Started in 1948, the American Research Center in Egypt (ARCE) is a nonprofit organization which supports research on all aspects of Egyptian history and culture, encourages broader knowledge about Egypt among the general public, and strengthens American-Egyptian cultural relations. ARCE funds many of the top archaeology research and conservation projects in Egypt. Its work is critical in both learning about Ancient Egyptian culture, but also in preserving the antiquities. ARCE is one of the most prestigious organizations in the archaeology field – not just in Egyptology. You can thank them for the fact that you can still walk the halls of Karnak. get up close and personal with the New Kingdom Pharaohs in the Valley of the Kings, that we know that slaves (and aliens ) did NOT build the pyramids, any many other of the major archaeological finds and also that the sites are preserved enough for us to visit them.

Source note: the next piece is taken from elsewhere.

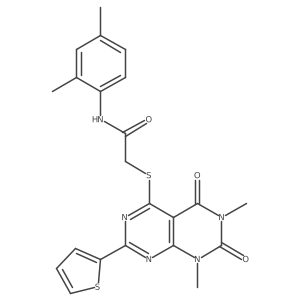 2-((6,8-dimethyl-5,7-dioxo-2-(thiophen-2-yl)-5,6,7,8-tetrahydropyrimido[4,5-d]pyrimidin-4-yl)thio)-N-(2,4-dimethylphenyl)acetamide结构式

I attended my very first ARCE lecture as an archaeology student at the University of Washington. I was studying Egyptology; it was exciting to be able to listen to presentations by top Egyptologists. I attended as many ARCE lectures as I could, listening to research by greats such as Dr. Mark Lehner, Dr. Kent Weeks, Gay Robbins, Dr. Salima Ikram, and many others. I attended my first ARCE conference shortly after graduating university when the annual ARCE conference was held in Seattle. Attending presentations by Dr. Mark Lehner (We can thank him for pretty much everything we known about the workers who built the Great Pyramid.) and Dr. Gunter Dreyer (His work at Abydos and Umm el-Qa’ab is legendary. Without Dr. Dreyer we’d know very little about the earliest, most powerful Pharaohs.) were two big bucket list items I was able to check off at this conference. I thought that someday I might speak at ARCE through archaeological research and study. Then life took me down another path — to climbing, running a magazine, traveling and photography. Life has a funny way of coming full circle in the most unexpected ways.